Durante uma hora e meia Fernando Henrique Cardoso falou ao "Programa Econômico" -que estreou ontem na TV Cultura, às 21h40. Ao final, considerou a entrevista como "defesa de tese". Ontem, foram levados ao ar pequenos trechos dela, em que o presidente aborda três temas relevantes: o início do Real; os erros do câmbio e os erros da política energética.
Em relação ao Real, o plano começou a ser pensado no final de 1993, pouco depois de FHC assumir o Ministério da Fazenda do governo Itamar. A primeira precondição para o plano foi a renegociação da dívida externa, em moratória desde o governo José Sarney. Pedro Malan empenhou-se na tarefa, primeiro como negociador, depois como presidente do BC.

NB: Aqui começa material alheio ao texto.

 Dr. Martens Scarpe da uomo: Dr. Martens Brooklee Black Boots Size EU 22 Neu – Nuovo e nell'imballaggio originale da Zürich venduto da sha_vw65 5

Havia muita resistência da burocracia do FMI em endossar o plano. FHC conseguiu o endosso pessoal de Michel Camdessus, então diretor-gerente do FMI, por meio de uma carta, em francês, que foi encaminhada aos bancos credores.
Na época, pensou-se em lançar Antônio Britto à Presidência, mantendo FHC na Fazenda. Pensou-se até em Lula, por meio de tratativas de Tasso Jereissati. Acabaram não vingando, e FHC foi lançado.

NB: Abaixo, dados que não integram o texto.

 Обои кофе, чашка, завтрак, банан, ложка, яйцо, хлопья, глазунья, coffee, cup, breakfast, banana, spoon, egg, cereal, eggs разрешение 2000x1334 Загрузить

Em dezembro de 1994, ainda no governo Itamar, tentou-se corrigir o câmbio, diz FHC. O futuro ministro do Planejamento, José Serra, e o economista Pérsio Arida, indicado para a presidência do Banco Central, prepararam a transição para o novo modelo. Mas a crise do México impediu a mudança.
Depois, se tentou em março. Não havia discordância sobre a necessidade de mudar o câmbio, mas sobre a forma. Serra e Arida defendiam uma mudança forte e, depois, a fixação do câmbio em novo patamar. Outro grupo defendia a implantação do sistema de bandas, mais lento e cauteloso. Houve erro de implementação, que levou à fuga de US$ 8 bilhões das reservas. Em seguida, houve a saída de Pérsio Arida do governo, e, em meados de 1995, apareceu o fantasma de uma crise bancária, diz FHC. Constatou-se que a mudança de câmbio precipitaria a crise bancária. Por isso, manteve-se a política cambial anterior até que o sistema fosse saneado, o que ocorreu com o Proer.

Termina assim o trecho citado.